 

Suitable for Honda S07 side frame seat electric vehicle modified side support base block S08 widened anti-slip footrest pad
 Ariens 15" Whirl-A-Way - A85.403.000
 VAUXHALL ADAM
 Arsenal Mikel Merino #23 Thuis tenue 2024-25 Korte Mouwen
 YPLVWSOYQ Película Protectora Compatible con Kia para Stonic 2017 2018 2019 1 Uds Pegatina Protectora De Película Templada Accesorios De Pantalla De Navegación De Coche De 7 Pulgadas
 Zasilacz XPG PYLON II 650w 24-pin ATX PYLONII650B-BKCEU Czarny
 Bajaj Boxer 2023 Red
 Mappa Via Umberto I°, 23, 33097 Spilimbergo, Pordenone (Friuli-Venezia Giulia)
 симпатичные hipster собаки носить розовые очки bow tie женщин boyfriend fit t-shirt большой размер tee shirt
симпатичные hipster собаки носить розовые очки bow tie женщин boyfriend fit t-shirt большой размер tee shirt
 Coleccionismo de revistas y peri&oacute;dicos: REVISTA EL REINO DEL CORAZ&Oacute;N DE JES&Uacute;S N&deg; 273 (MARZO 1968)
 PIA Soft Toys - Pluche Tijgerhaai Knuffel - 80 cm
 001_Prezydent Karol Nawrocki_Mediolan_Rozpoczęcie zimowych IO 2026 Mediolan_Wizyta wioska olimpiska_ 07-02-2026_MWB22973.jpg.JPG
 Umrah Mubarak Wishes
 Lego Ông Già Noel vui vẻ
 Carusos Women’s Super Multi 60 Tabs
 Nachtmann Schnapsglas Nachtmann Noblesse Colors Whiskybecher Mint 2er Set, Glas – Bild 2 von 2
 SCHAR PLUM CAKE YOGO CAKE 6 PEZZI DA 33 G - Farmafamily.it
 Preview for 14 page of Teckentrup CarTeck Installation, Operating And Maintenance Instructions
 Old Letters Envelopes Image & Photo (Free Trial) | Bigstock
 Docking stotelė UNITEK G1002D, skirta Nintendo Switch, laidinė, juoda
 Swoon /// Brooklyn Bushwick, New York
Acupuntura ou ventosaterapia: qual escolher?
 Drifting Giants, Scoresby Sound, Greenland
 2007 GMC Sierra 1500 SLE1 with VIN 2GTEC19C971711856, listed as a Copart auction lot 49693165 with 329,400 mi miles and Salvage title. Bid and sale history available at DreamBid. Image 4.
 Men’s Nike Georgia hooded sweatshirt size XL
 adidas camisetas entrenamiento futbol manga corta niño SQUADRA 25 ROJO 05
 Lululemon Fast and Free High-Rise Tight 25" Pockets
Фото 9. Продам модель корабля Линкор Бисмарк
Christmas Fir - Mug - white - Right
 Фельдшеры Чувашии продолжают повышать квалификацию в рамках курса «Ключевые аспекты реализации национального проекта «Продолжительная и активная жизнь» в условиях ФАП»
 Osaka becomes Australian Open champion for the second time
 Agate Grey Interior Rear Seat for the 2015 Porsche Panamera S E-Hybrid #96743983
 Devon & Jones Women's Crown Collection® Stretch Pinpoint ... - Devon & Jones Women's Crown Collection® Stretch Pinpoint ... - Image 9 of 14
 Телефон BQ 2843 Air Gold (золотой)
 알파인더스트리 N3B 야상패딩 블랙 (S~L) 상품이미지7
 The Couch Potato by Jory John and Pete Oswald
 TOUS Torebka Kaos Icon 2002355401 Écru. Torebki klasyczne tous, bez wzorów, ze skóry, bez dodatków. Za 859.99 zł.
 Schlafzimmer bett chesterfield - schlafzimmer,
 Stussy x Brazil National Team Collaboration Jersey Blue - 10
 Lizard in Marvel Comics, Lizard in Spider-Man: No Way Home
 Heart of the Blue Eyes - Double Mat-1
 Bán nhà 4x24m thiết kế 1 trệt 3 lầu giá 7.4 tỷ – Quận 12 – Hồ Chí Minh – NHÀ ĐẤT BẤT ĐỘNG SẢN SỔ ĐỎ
——————
• **Task item**
Every line holding the word "Blue" should be copied out of the material.

• **Solution to this exercise**
 Stussy x Brazil National Team Collaboration Jersey Blue - 10
 Heart of the Blue Eyes - Double Mat-1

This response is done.